Activity —
In your copy, reproduce the entries exactly as they are, minus the images.

Start of Extracted information

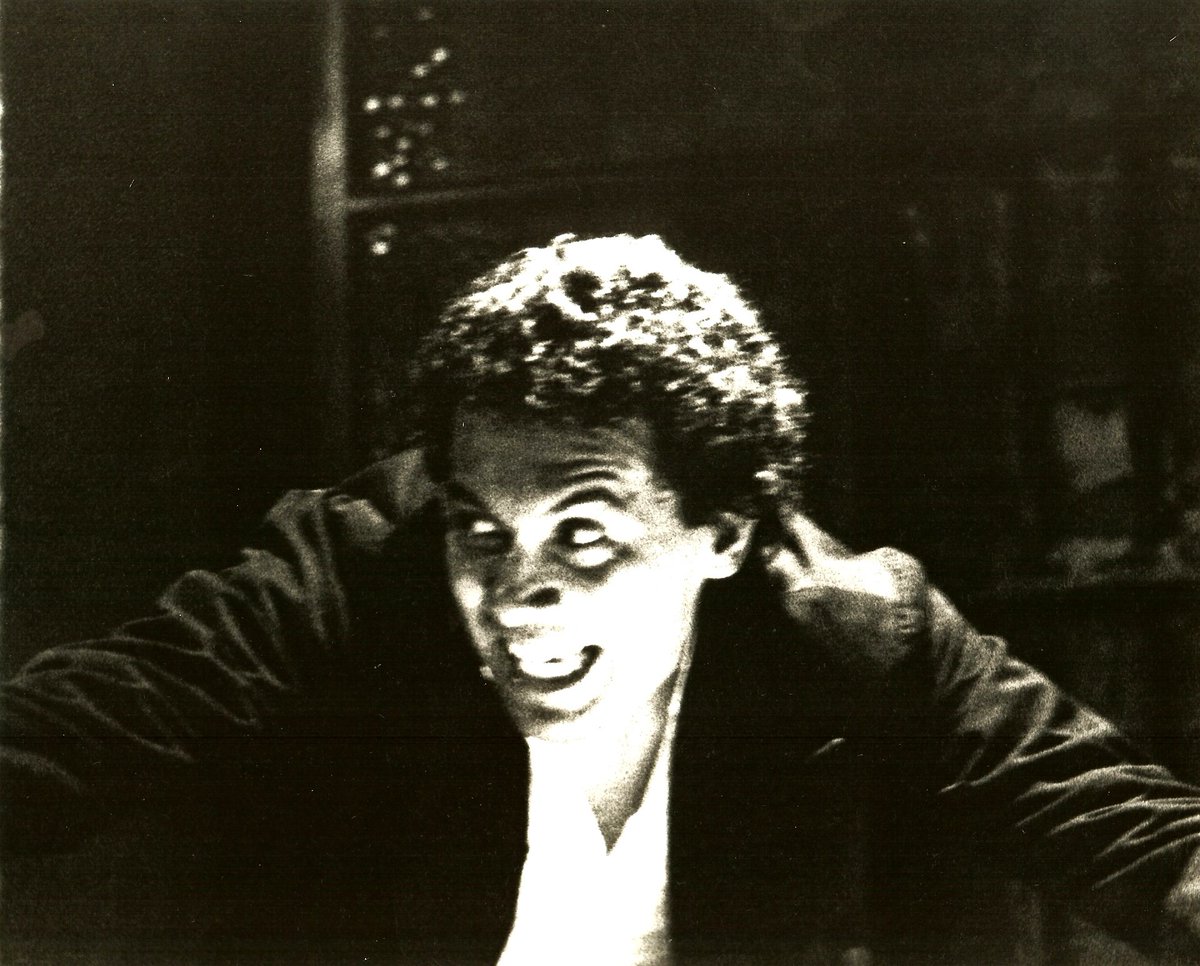 “El teatro se lleva la vida por delante, porque si uno viviera como lo hace el actor en el teatro, uno viviera de verdad (…)”
Francisco “Pancho” Salazar

Desde  TET lo recordamos y honramos su paso por nuestro teatro y el legado que aún hoy sigue resonando.
Vuela alto, Pacho
✨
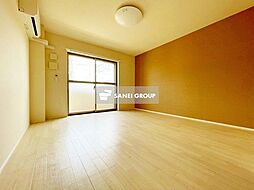 アレッサーノ 2階1Kのリビング/ダイニング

End of Extracted information

Result —
 “El teatro se lleva la vida por delante, porque si uno viviera como lo hace el actor en el teatro, uno viviera de verdad (…)”
Francisco “Pancho” Salazar

Desde  TET lo recordamos y honramos su paso por nuestro teatro y el legado que aún hoy sigue resonando.
Vuela alto, Pacho
✨
 アレッサーノ 2階1Kのリビング/ダイニング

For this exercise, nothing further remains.